『本の虫の本』(田中美穂ほか著、創元社、2018年)、『本のリストの本』(正木香子ほか著、創元社、2020年)の本文に「たおやめM」が使われていることについて、takumi氏がSNSに次のような投稿をしていました。実際にその本を読んだ上での感想だろうと思います。
本文で読ませる文字として使うにはシンドイ感じがします
「たおやめM」は、昭和初期に広く使われてきた活字書体をもとにして再現した書体です。
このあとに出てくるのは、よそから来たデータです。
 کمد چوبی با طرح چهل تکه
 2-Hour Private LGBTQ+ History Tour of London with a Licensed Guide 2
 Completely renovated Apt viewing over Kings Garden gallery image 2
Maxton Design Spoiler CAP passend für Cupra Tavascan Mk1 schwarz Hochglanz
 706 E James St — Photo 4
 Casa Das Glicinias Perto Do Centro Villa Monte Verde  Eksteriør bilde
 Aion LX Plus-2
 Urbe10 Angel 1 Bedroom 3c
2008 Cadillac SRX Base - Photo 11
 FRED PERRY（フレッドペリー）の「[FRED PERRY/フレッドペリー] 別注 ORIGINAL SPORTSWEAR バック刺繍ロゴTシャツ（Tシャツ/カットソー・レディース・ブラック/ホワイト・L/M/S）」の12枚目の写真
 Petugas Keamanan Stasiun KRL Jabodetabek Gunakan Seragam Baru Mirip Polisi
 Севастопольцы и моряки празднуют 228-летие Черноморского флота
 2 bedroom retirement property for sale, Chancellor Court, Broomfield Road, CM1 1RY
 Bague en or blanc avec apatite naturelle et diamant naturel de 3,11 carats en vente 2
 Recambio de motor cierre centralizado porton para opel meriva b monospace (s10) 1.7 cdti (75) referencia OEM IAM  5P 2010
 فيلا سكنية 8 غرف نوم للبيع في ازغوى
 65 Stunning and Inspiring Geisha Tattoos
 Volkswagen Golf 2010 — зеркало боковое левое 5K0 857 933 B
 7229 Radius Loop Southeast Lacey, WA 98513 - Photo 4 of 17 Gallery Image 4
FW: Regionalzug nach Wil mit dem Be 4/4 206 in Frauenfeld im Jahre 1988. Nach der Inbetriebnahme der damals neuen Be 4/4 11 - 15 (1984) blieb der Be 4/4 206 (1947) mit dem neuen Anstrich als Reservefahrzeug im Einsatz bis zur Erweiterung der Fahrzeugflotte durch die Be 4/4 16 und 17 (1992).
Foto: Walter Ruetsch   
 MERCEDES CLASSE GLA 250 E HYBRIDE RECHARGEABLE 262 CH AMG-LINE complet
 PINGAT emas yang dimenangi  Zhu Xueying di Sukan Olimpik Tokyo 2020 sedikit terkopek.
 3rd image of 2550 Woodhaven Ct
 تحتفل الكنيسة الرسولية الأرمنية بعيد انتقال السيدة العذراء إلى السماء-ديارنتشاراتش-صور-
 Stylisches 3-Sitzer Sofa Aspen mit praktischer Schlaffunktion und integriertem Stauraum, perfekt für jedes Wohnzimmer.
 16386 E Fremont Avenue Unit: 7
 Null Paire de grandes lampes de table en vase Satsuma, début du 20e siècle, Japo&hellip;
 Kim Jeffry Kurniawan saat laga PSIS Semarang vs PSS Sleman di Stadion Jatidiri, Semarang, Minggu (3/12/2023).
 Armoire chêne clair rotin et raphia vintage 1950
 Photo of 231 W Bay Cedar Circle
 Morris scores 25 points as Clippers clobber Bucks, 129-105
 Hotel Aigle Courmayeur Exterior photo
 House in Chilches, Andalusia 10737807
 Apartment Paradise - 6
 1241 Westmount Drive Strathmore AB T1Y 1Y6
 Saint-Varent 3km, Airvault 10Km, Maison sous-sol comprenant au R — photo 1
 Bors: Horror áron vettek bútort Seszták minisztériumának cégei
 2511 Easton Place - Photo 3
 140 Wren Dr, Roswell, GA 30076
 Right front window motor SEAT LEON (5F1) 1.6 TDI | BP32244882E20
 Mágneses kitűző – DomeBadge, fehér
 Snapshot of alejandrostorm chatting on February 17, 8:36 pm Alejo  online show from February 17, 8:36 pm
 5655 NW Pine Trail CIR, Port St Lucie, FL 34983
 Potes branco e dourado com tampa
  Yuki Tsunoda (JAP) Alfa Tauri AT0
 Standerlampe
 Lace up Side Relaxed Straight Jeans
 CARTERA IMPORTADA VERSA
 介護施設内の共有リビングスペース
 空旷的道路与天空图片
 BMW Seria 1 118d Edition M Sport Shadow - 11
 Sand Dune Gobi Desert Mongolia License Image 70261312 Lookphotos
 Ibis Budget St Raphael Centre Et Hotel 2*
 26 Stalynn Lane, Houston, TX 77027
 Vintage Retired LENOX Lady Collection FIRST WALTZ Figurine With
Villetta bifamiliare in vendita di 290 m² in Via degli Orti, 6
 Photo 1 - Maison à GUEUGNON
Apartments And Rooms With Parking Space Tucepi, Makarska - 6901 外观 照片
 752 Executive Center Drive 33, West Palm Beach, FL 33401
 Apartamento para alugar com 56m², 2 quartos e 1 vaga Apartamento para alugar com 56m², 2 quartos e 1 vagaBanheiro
本文で使われていた書体を復刻したにもかかわらず、「本文で使うにはシンドイ」と感じるのはなぜなのでしょうか。
正木香子さんは、『本を読む人のための書体入門』(正木香子著、星海社、2013年)のなかで、「たおやめ」の原資料となった活字書体について次のような感想を書かれています。
子供のころは、こういう文字をみるとなんだか古い鏡の中にお化けが映っていそうな気持ちがしてこわかったのに、大人になってから急に愛着が増した書体です。
おしろいの匂いみたいな大人っぽさが、いつの間にか等身大に感じられるようになったのかな。お化けも、女も、似たようなものかもしれないけれど。
読む人の年齢や読書経験によって、その書体に対する印象が変わってくるのかもしれませんね。